# TASK GOAL:
Set down each record below exactly as it stands. Pictures are not part of the copy.

# EXERCISE MATERIALS:

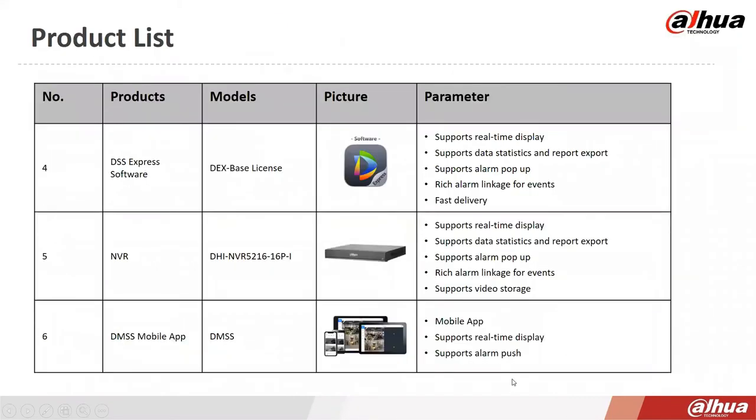The product list for this solution: for DSS Express, you need the DEX base license — select the version that supports thermal temperature measurement. Optional appliance NVR is the 5216-16P-I, and the DMSS mobile app is also available.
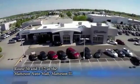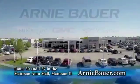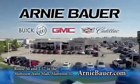The area's finest new and used cars, brought to you by Arnie Bauer Buick GMC Cadillac in the Mattson Auto Mall and ArnieBauer.com. Your dollar has more power at Arnie Bauer.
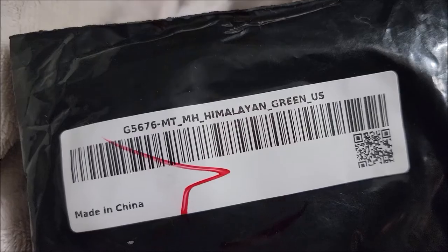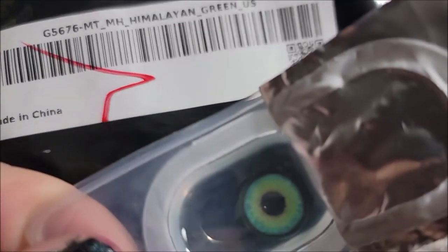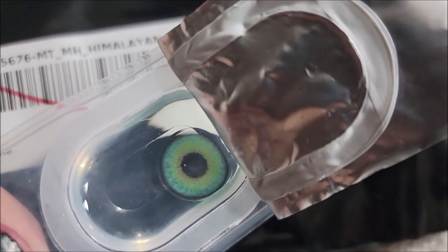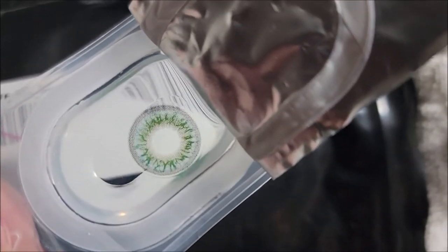These say Himalayan Green, and obviously these are my favorites because I always start off with my favorites. This is Venus Green — I actually think I like these better than the first green that I put on, but it's very close.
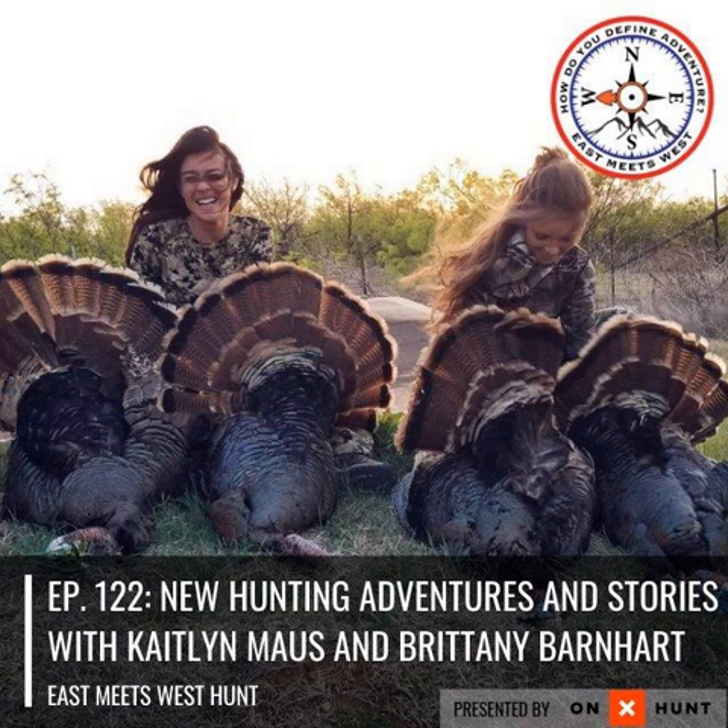They're trying to stay busy with hunting. When it's not hunting season neither of them knows what to do with their lives — people always say they're always in the woods. They just love it and can't imagine doing anything else.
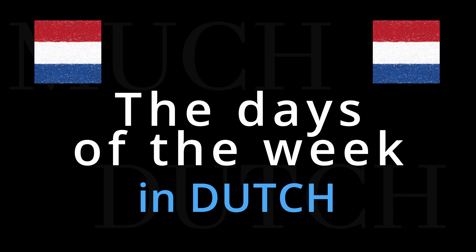Hello, this is Hans, the Dutch guy with Much Dutch, and this time we will see how to pronounce in a regular Dutch accent the days of the week. We will run through all of them once, and then each day individually.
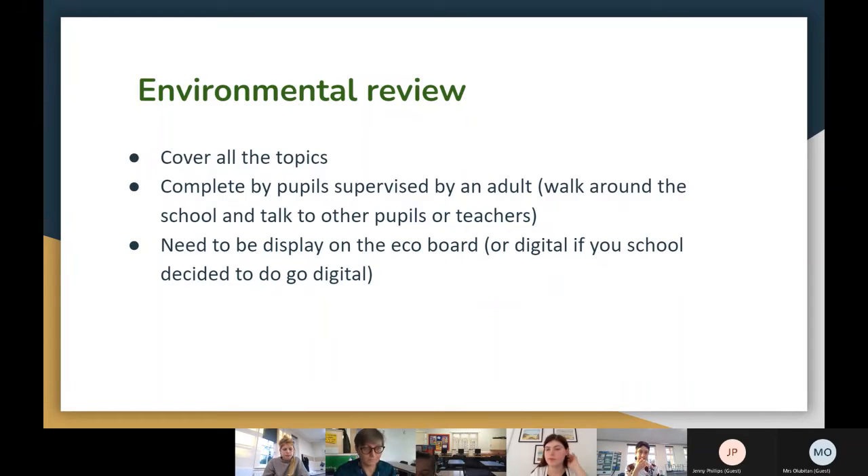After you have the eco council organised, you need to do an environmental review. In our school, the eco council includes children from Reception to Year 6, with two children per class — even the Reception children attend. The environmental review template is on the eco schools website and can be downloaded. It needs to be completed by students and an adult.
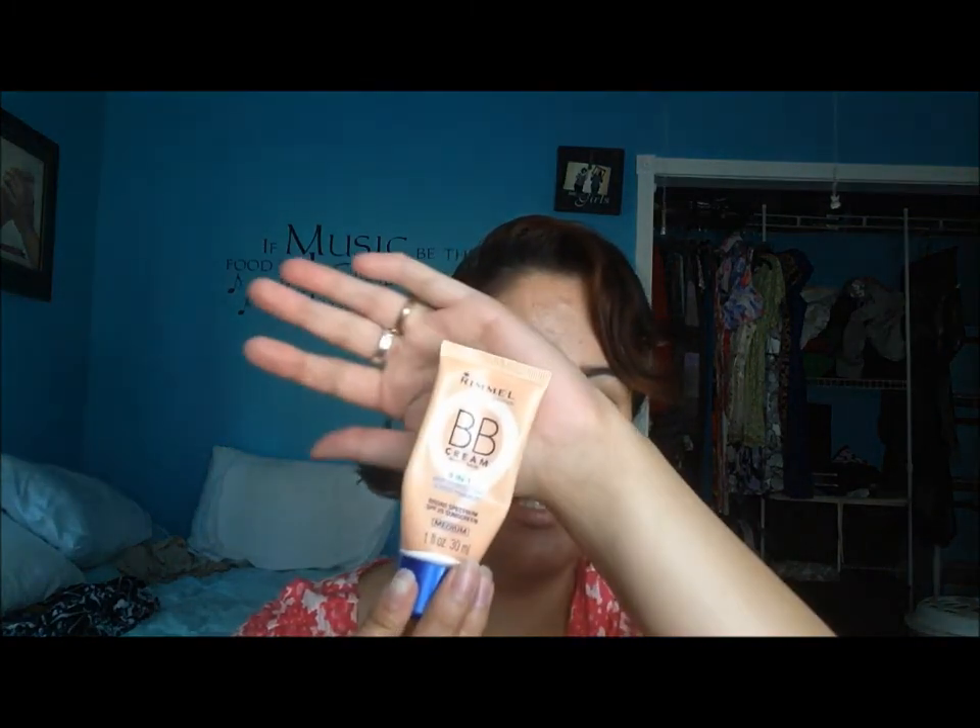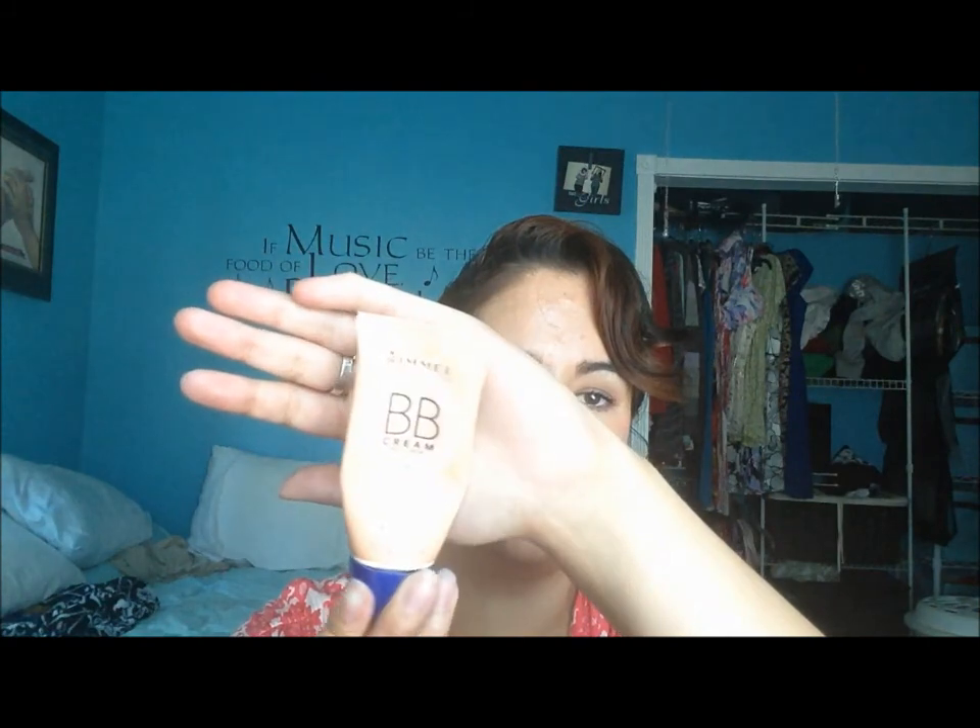For foundation — yes, I know this is going to sound like a broken record — my Rimmel BB cream in medium is still going strong. I'm wearing it today, same with the primer. I love this foundation so much. I'm getting to the tail end of it and have a couple of other foundations I want to try, but I love this one.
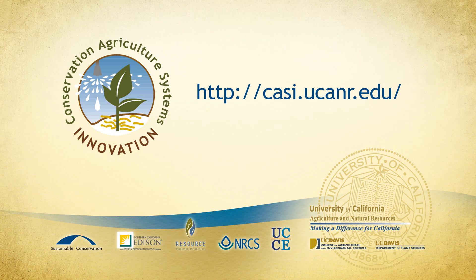Additional information about minimum tillage practices is available on the Conservation Agriculture Systems Innovation website.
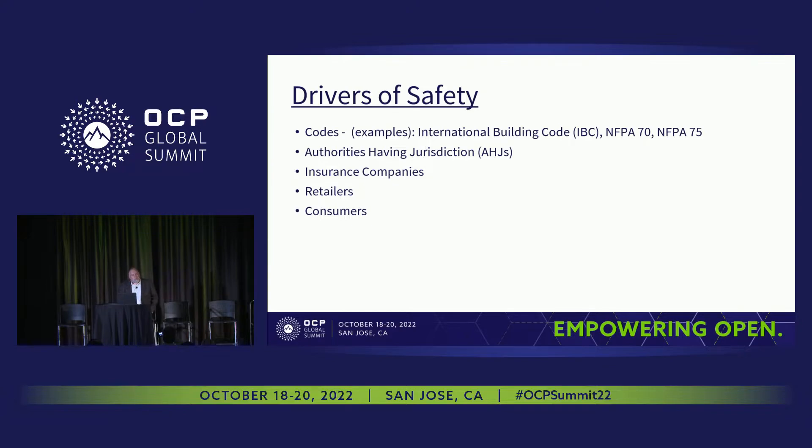Despite these challenges, we have to be able to promulgate a certification because there are key stakeholders looking for our help — insurance companies, retailers, consumers — they all want to mitigate risk. And of course we have our building codes: the International Building Code, NFPA 70 (the National Electric Code), and NFPA 75, which is Fire Protection of Equipment for Data Centers. They have requirements for certification as well. The authorities having jurisdiction — electrical inspectors, fire marshals — really rely on certification to ensure that the installation is done safely.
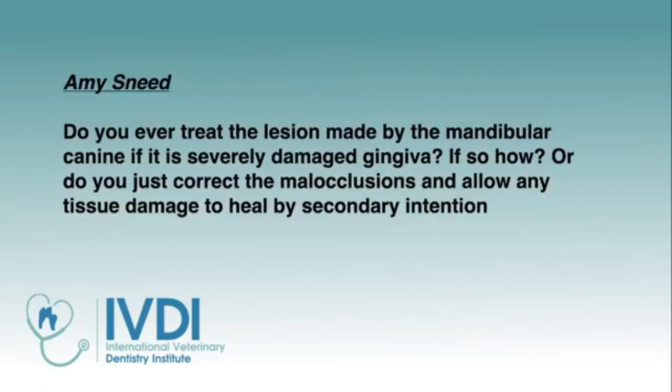Amy, do you ever treat the lesion made by the mandibular canine if it's severe? Good question. This is more for the adult tooth versus the baby tooth. If there's debris in there with baby or adult, you want to just clean that out really well. You might want to use your periodontal curette or your diamond football bur, gently remove any inflamed gingiva. But if you've got a class 2 malocclusion, we do at times deepen those — make them deeper because we do a different approach.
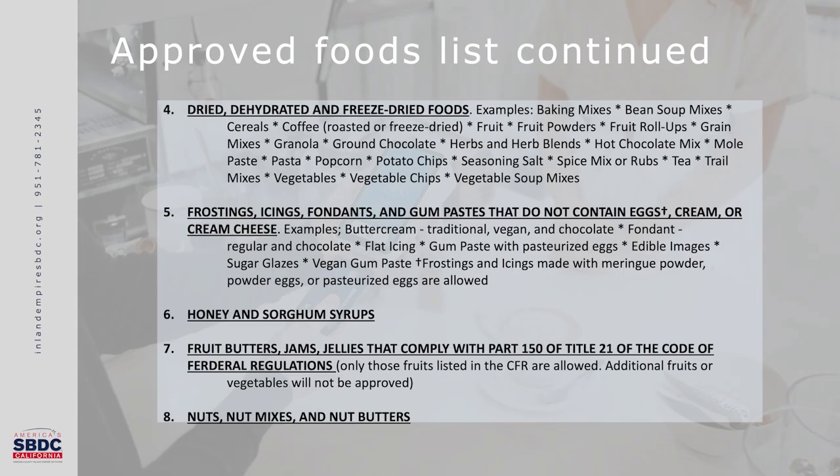Number four is dried, dehydrated, and freeze-dried foods. Examples include baking mixes, bean soup mixes, cereals, coffee (roasted or freeze-dried), fruit, fruit powders, fruit roll-ups, grain mixes, granola, ground chocolate, herb and herb blends, hot chocolate mix, mole paste, pasta, popcorn, potato chips, seasoning salt, spice mixes or rubs, tea, trail mixes, vegetables, vegetable chips, and vegetable soup mixes.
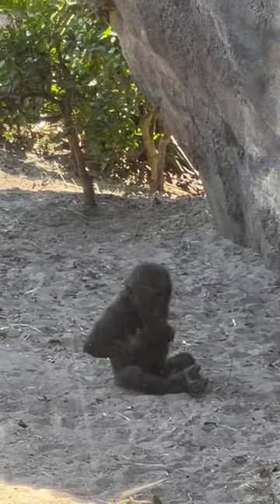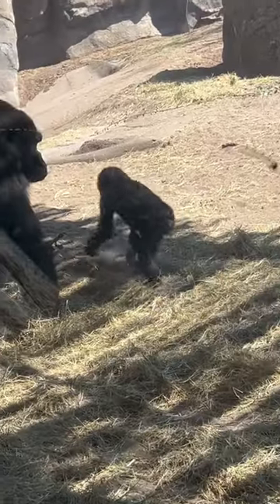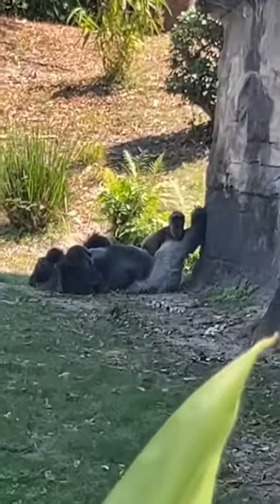They come up so close to the glass, so it's so much fun to see them interact with each other. They actually started fighting at one point, but the baby was just adorable. This was an absolute must — it was so much fun.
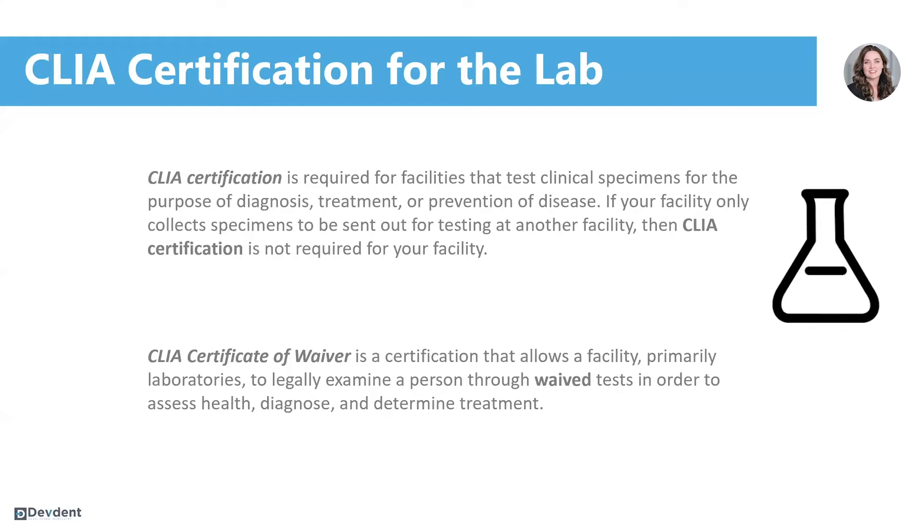Not only does the lab test itself have to have a CLIA certification, but so does the lab that administers it. So because as dental practices we're going to be providing COVID-19 testing, we must apply for CLIA certification as well.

# WRITTEN RESPONSE:
The product list for this solution: for DSS Express, you need the DEX base license — select the version that supports thermal temperature measurement. Optional appliance NVR is the 5216-16P-I, and the DMSS mobile app is also available.
The area's finest new and used cars, brought to you by Arnie Bauer Buick GMC Cadillac in the Mattson Auto Mall and ArnieBauer.com. Your dollar has more power at Arnie Bauer.
These say Himalayan Green, and obviously these are my favorites because I always start off with my favorites. This is Venus Green — I actually think I like these better than the first green that I put on, but it's very close.
They're trying to stay busy with hunting. When it's not hunting season neither of them knows what to do with their lives — people always say they're always in the woods. They just love it and can't imagine doing anything else.
Hello, this is Hans, the Dutch guy with Much Dutch, and this time we will see how to pronounce in a regular Dutch accent the days of the week. We will run through all of them once, and then each day individually.
After you have the eco council organised, you need to do an environmental review. In our school, the eco council includes children from Reception to Year 6, with two children per class — even the Reception children attend. The environmental review template is on the eco schools website and can be downloaded. It needs to be completed by students and an adult.
For foundation — yes, I know this is going to sound like a broken record — my Rimmel BB cream in medium is still going strong. I'm wearing it today, same with the primer. I love this foundation so much. I'm getting to the tail end of it and have a couple of other foundations I want to try, but I love this one.
Additional information about minimum tillage practices is available on the Conservation Agriculture Systems Innovation website.
Despite these challenges, we have to be able to promulgate a certification because there are key stakeholders looking for our help — insurance companies, retailers, consumers — they all want to mitigate risk. And of course we have our building codes: the International Building Code, NFPA 70 (the National Electric Code), and NFPA 75, which is Fire Protection of Equipment for Data Centers. They have requirements for certification as well. The authorities having jurisdiction — electrical inspectors, fire marshals — really rely on certification to ensure that the installation is done safely.
Amy, do you ever treat the lesion made by the mandibular canine if it's severe? Good question. This is more for the adult tooth versus the baby tooth. If there's debris in there with baby or adult, you want to just clean that out really well. You might want to use your periodontal curette or your diamond football bur, gently remove any inflamed gingiva. But if you've got a class 2 malocclusion, we do at times deepen those — make them deeper because we do a different approach.
Number four is dried, dehydrated, and freeze-dried foods. Examples include baking mixes, bean soup mixes, cereals, coffee (roasted or freeze-dried), fruit, fruit powders, fruit roll-ups, grain mixes, granola, ground chocolate, herb and herb blends, hot chocolate mix, mole paste, pasta, popcorn, potato chips, seasoning salt, spice mixes or rubs, tea, trail mixes, vegetables, vegetable chips, and vegetable soup mixes.
They come up so close to the glass, so it's so much fun to see them interact with each other. They actually started fighting at one point, but the baby was just adorable. This was an absolute must — it was so much fun.
Not only does the lab test itself have to have a CLIA certification, but so does the lab that administers it. So because as dental practices we're going to be providing COVID-19 testing, we must apply for CLIA certification as well.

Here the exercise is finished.